Pork Chops with Guinness Stout and Onion Gravy

Serves 4
JulieJulie Huisingh

ingredients

  • 4 - 1 inch chops
  • 1 T. butter
  • 2 T. oil
  • 3 large onions, thinly sliced
  • 3 large garlic cloves, minced
  • 1 cup Guinness stout
  • 1 cup chicken stock
  • 1 T. coarse grain mustard
  • 1 T. parsley
  • 1 1/2 tsp balsamic or red wine vinegar

directions

  • 1

    Season pork with salt and pepper. Dredge in flour, shake off excess. Melt butter with 1 T. oil in heavy deep skillet over med-high heat. Add pork in batches and brown well, about 6 minutes per side. Transfer pork to plate, set aside. Dredge onions in flour, shake off excess. Heat remaining 1 T. oil in same skillet over med. heat. Add onions and garlic. Season with salt. Cover and cook 5 minutes stirring once. Uncover and cook 4 more minutes, stirring occasionally.

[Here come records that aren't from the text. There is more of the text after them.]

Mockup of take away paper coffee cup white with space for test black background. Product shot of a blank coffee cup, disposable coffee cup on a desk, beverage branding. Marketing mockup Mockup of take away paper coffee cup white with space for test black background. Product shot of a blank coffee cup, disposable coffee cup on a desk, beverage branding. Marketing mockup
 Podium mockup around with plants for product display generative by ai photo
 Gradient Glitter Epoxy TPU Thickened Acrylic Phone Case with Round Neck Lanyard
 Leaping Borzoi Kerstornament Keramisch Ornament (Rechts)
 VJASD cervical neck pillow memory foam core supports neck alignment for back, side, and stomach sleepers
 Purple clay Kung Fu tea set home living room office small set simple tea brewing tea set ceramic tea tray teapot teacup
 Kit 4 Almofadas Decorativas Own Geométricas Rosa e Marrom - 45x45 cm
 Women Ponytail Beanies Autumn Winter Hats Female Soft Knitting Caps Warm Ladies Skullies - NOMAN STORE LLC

Add 3/4 cup stout and 3/4 cup stock and bring to boil, scraping up any browned bits. Return pork to skillet. Spoon some of the onions over pork. Add enough additional stout to bring liquid halfway up sides of pork. Cover skillet with foil then cover with lid. Reduce heat and simmer 20 minutes. Turn pork over and cook until very tender, bout 25 minutes. Transfer pork and onions to platter using slotted spoon. Cover with foil.

  • 2

    Degrease pan juices, boil juices until thickened about 10 minutes. Whisk in 1 T. mustard. Add parsley and vinegar. Taste, adding more if needed.